The material quality of InxGa1-xAs epilayers with 0.28 less-than-or-equal-to x less-than-or-equal-to 1 grown on a highly mismatched GaAs substrate and the initial growth mechanisms have been studied in detail. Cross-sectional transmission electron microscopy and double-crystal x-ray diffraction analysis of the InxGa1-xAs (x greater-than-or-equal-to 0.28) layers indicate that although three-dimensional island growth was found in all cases, their dislocation generation mechanisms are quite different. To study the strain relaxation process in the initial growth stage and its effects on the generation of the dislocations, 15-monolayer-thick InxGa1-xAs was grown on the GaAs. It was found that for the x=0.5 case, the thin InGaAs layer formed many small-size coherent islands; while for x = 1, they changed to lower-density and much larger size relaxed islands.
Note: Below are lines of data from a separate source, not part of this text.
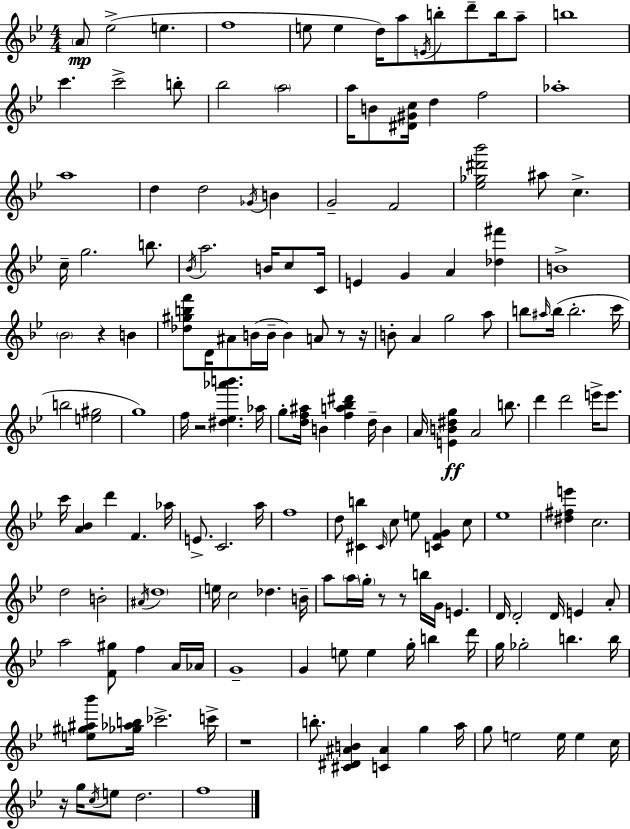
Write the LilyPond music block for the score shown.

{
  \clef treble
  \numericTimeSignature
  \time 4/4
  \key bes \major
  \repeat volta 2 { \parenthesize a'8\mp ees''2->( e''4. | f''1 | e''8 e''4 d''16) a''8 \acciaccatura { e'16 } b''8-. d'''8-- b''16 a''8-- | b''1 | \break c'''4. c'''2-> b''8-. | bes''2 \parenthesize a''2 | a''16 b'8 <dis' gis' c''>16 d''4 f''2 | aes''1-. | \break a''1 | d''4 d''2 \acciaccatura { ges'16 } b'4 | g'2-- f'2 | <ees'' ges'' dis''' bes'''>2 ais''8 c''4.-> | \break c''16-- g''2. b''8. | \acciaccatura { bes'16 } a''2. b'16 | c''8 c'16 e'4 g'4 a'4 <des'' fis'''>4 | b'1-> | \break \parenthesize bes'2 r4 b'4 | <des'' gis'' b'' f'''>8 d'16 ais'8 b'16( b'16-- b'4) a'8 | r8 r16 b'8-. a'4 g''2 | a''8 b''8 \grace { ais''16 } b''16( b''2.-. | \break c'''16 b''2 <e'' gis''>2 | g''1) | f''16 r2 <dis'' ees'' aes''' b'''>4. | aes''16 g''8-. <d'' f'' ais''>16 b'4 <f'' a'' bes'' dis'''>4 d''16-- | \break b'4 a'16 <e' b' dis'' g''>4\ff a'2 | b''8. d'''4 d'''2 | e'''16-> e'''8. c'''16 <a' bes'>4 d'''4 f'4. | aes''16 e'8.-> c'2. | \break a''16 f''1 | d''8 <cis' b''>4 \grace { cis'16 } c''8 e''8 <c' f' g'>4 | c''8 ees''1 | <dis'' fis'' e'''>4 c''2. | \break d''2 b'2-. | \acciaccatura { ais'16 } \parenthesize d''1 | e''16 c''2 des''4. | b'16-- a''8 \parenthesize a''16 \parenthesize g''16-. r8 r8 b''16 g'16 | \break e'4. d'16 d'2-. d'16 | e'4 a'8-. a''2 <f' gis''>8 | f''4 a'16 aes'16 g'1-- | g'4 e''8 e''4 | \break g''16-. b''4 d'''16 g''16 ges''2-. b''4. | b''16 <e'' gis'' ais'' bes'''>8 <ges'' aes'' b''>16 ces'''2.-> | c'''16-> r1 | b''8.-. <cis' dis' ais' b'>4 <c' ais'>4 | \break g''4 a''16 g''8 e''2 | e''16 e''4 c''16 r16 g''16 \acciaccatura { c''16 } e''8 d''2. | f''1 | } \bar "|."
}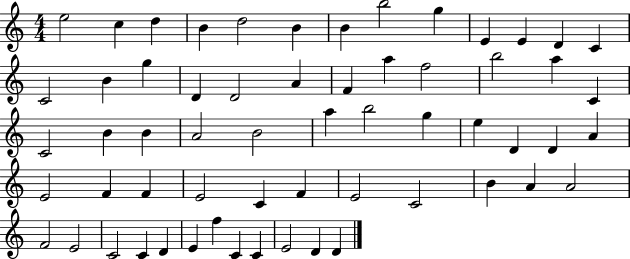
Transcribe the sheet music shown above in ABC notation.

X:1
T:Untitled
M:4/4
L:1/4
K:C
e2 c d B d2 B B b2 g E E D C C2 B g D D2 A F a f2 b2 a C C2 B B A2 B2 a b2 g e D D A E2 F F E2 C F E2 C2 B A A2 F2 E2 C2 C D E f C C E2 D D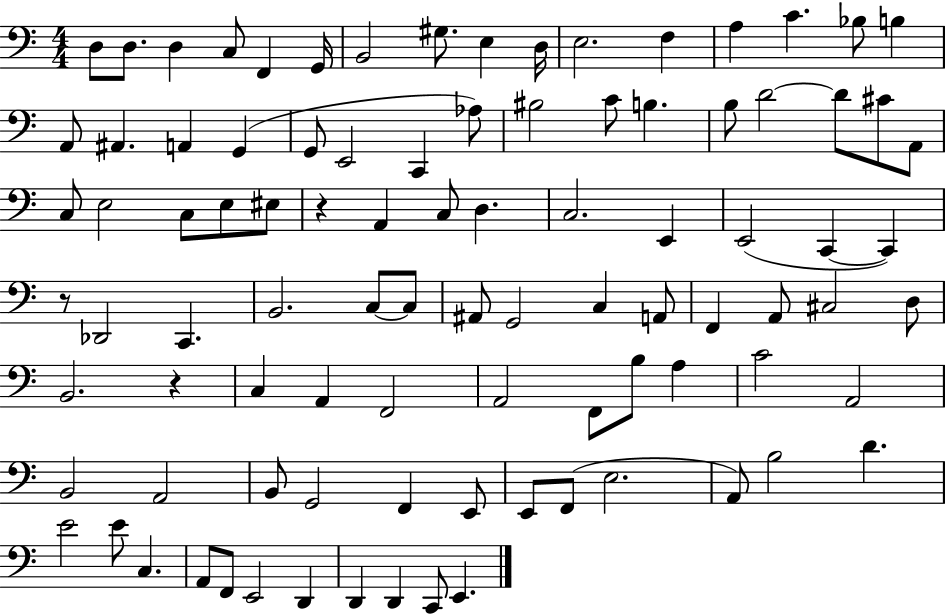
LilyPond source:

{
  \clef bass
  \numericTimeSignature
  \time 4/4
  \key c \major
  \repeat volta 2 { d8 d8. d4 c8 f,4 g,16 | b,2 gis8. e4 d16 | e2. f4 | a4 c'4. bes8 b4 | \break a,8 ais,4. a,4 g,4( | g,8 e,2 c,4 aes8) | bis2 c'8 b4. | b8 d'2~~ d'8 cis'8 a,8 | \break c8 e2 c8 e8 eis8 | r4 a,4 c8 d4. | c2. e,4 | e,2( c,4~~ c,4) | \break r8 des,2 c,4. | b,2. c8~~ c8 | ais,8 g,2 c4 a,8 | f,4 a,8 cis2 d8 | \break b,2. r4 | c4 a,4 f,2 | a,2 f,8 b8 a4 | c'2 a,2 | \break b,2 a,2 | b,8 g,2 f,4 e,8 | e,8 f,8( e2. | a,8) b2 d'4. | \break e'2 e'8 c4. | a,8 f,8 e,2 d,4 | d,4 d,4 c,8 e,4. | } \bar "|."
}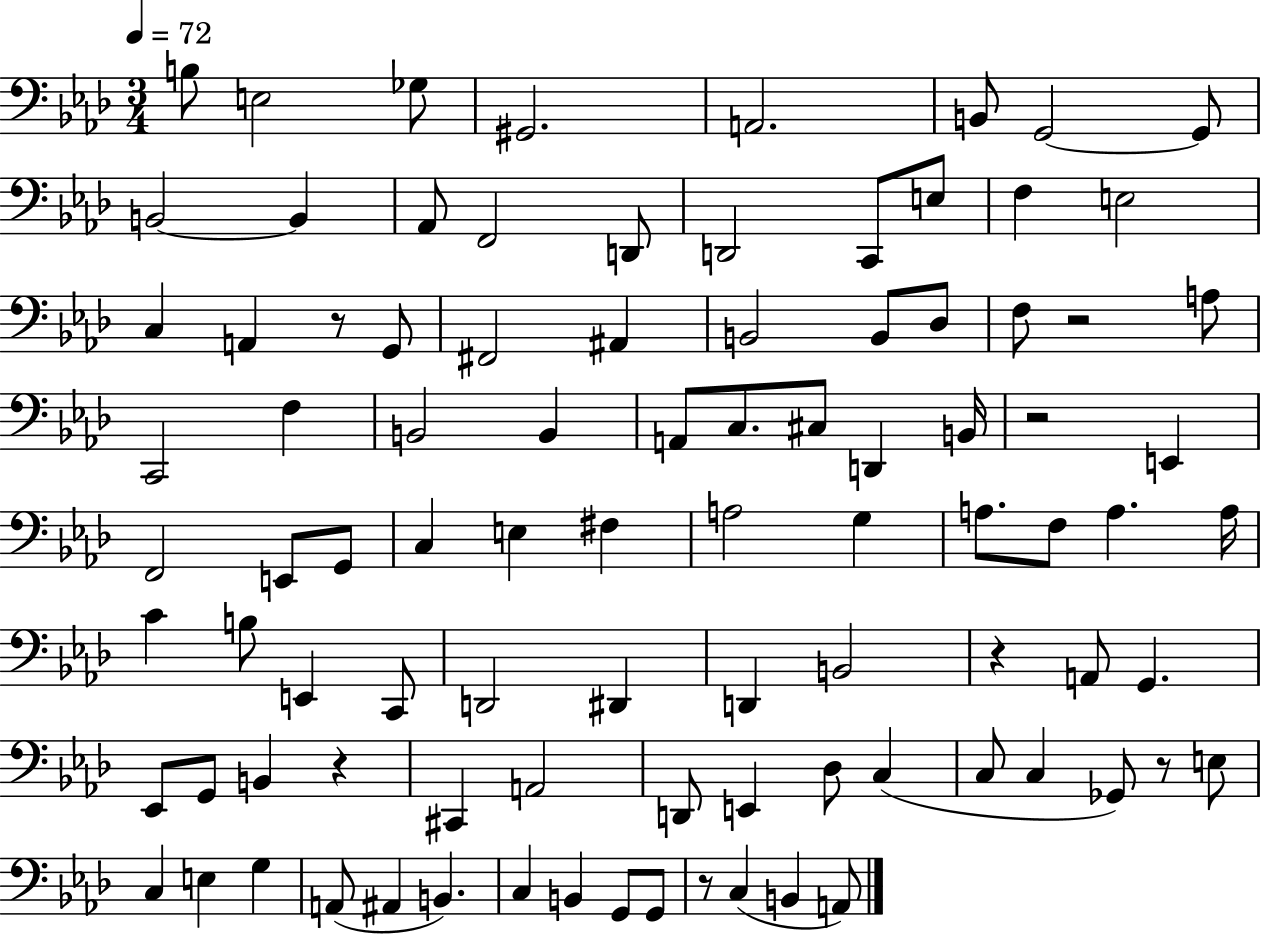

This shows that the growth of the highly mismatched InxGa1-xAs/GaAs heterojunction (x greater-than-or-equal-to 0.28) is a kinetically limited strain relaxation process. The large lattice mismatch (7.16%) between InAs and GaAs favors the early relaxation of InAs islands before they coalesce; this explains why the material quality of the InAs epilayer is better than that of InxGa1-xAs with x=0.28, 0.5, and 0.75 in spite of its larger lattice mismatch.